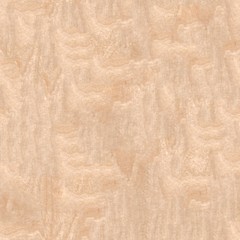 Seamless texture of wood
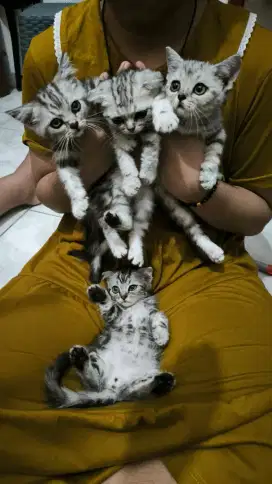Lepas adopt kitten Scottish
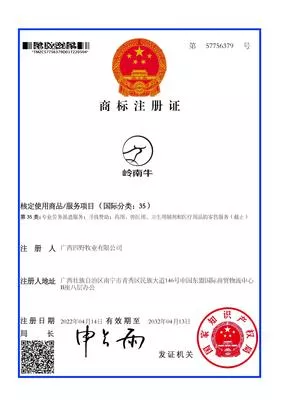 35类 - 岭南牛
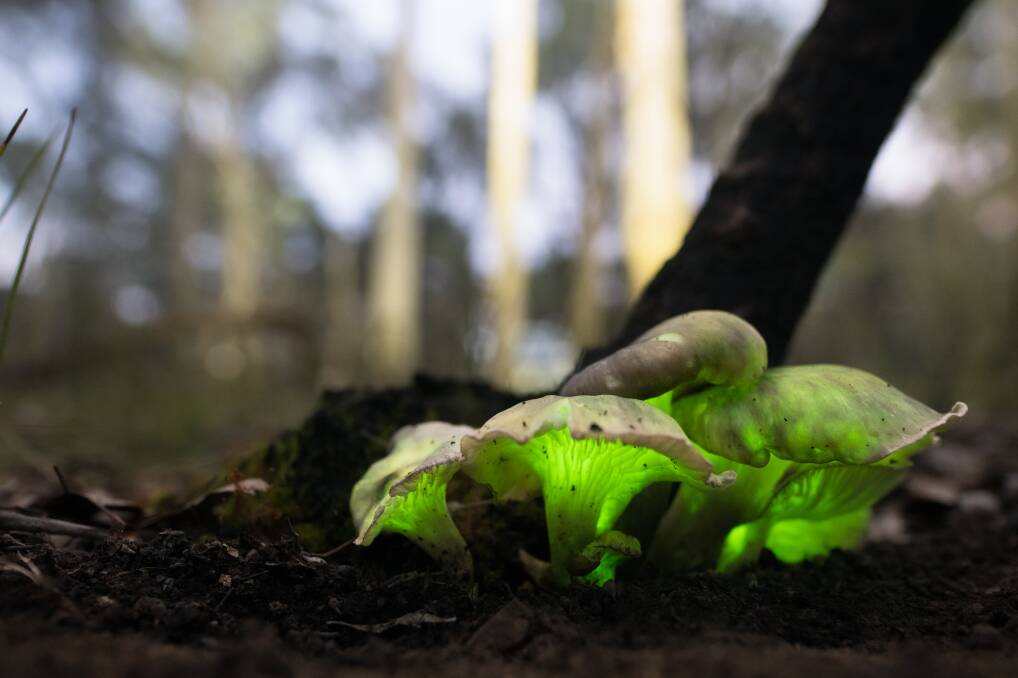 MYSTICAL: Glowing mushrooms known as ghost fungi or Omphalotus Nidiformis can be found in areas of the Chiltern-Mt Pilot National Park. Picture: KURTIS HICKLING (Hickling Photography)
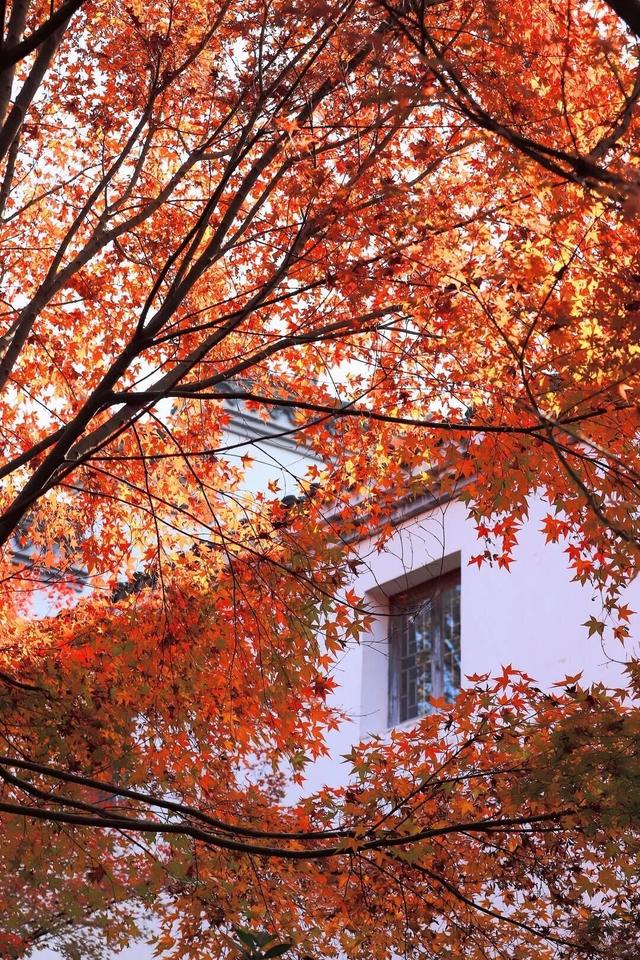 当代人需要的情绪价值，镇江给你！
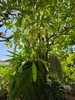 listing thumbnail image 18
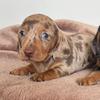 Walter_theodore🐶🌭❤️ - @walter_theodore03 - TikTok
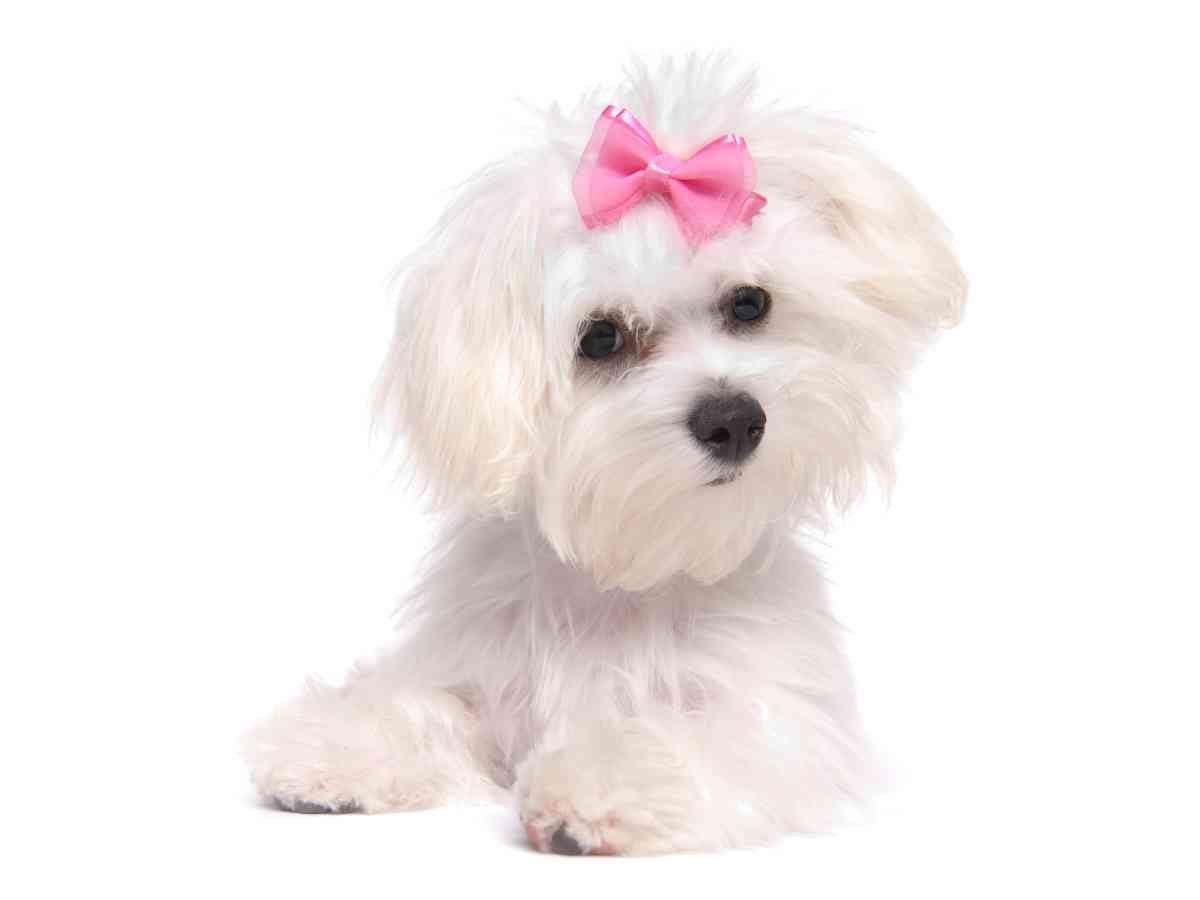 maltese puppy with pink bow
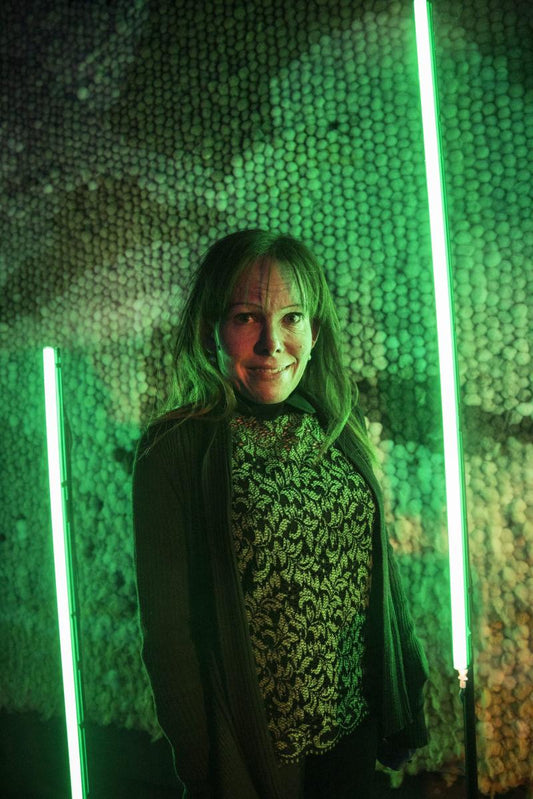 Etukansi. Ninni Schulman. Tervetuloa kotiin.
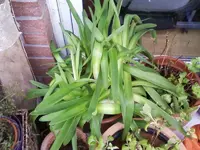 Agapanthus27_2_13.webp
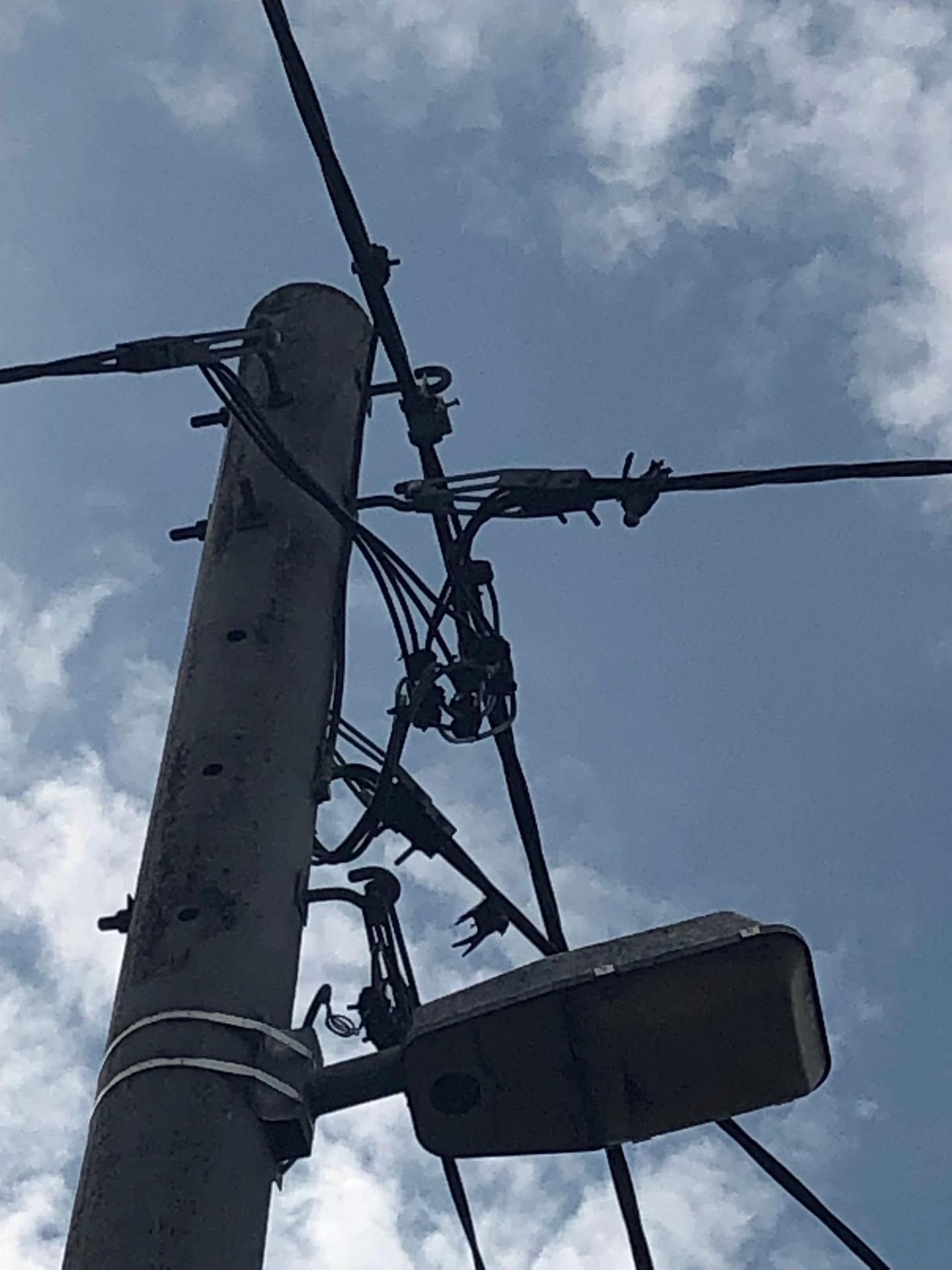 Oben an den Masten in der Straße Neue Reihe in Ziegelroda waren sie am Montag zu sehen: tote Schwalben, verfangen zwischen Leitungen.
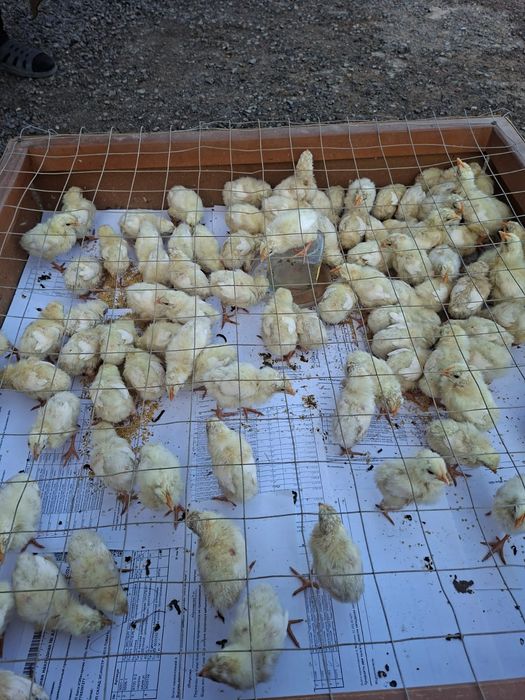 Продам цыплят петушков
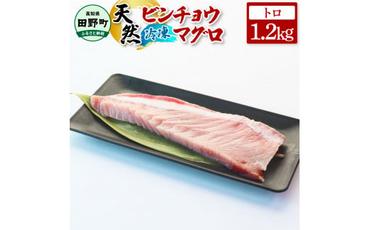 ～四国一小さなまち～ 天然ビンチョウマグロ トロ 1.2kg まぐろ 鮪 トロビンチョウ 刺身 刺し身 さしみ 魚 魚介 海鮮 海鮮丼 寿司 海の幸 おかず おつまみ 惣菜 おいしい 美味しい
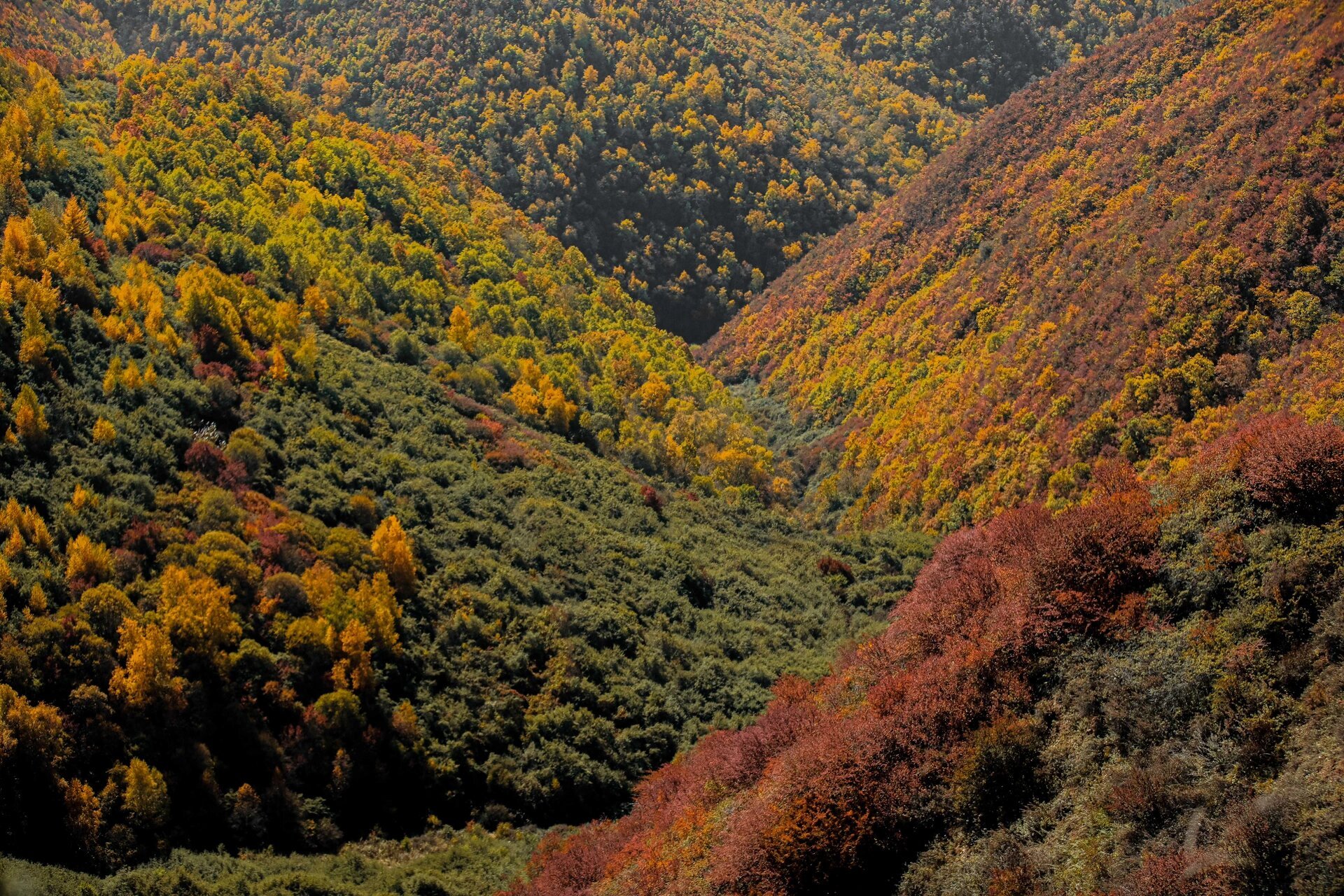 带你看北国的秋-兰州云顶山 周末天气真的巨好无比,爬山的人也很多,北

> **About this exercise**:
Write the material out again exactly as it appears, dropping the pictures.

> **The answer**:
 Seamless texture of wood
Lepas adopt kitten Scottish
 35类 - 岭南牛
 MYSTICAL: Glowing mushrooms known as ghost fungi or Omphalotus Nidiformis can be found in areas of the Chiltern-Mt Pilot National Park. Picture: KURTIS HICKLING (Hickling Photography)
 当代人需要的情绪价值，镇江给你！
 listing thumbnail image 18
 Walter_theodore🐶🌭❤️ - @walter_theodore03 - TikTok
 maltese puppy with pink bow
 Etukansi. Ninni Schulman. Tervetuloa kotiin.
 Agapanthus27_2_13.webp
 Oben an den Masten in der Straße Neue Reihe in Ziegelroda waren sie am Montag zu sehen: tote Schwalben, verfangen zwischen Leitungen.
 Продам цыплят петушков
 ～四国一小さなまち～ 天然ビンチョウマグロ トロ 1.2kg まぐろ 鮪 トロビンチョウ 刺身 刺し身 さしみ 魚 魚介 海鮮 海鮮丼 寿司 海の幸 おかず おつまみ 惣菜 おいしい 美味しい
 带你看北国的秋-兰州云顶山 周末天气真的巨好无比,爬山的人也很多,北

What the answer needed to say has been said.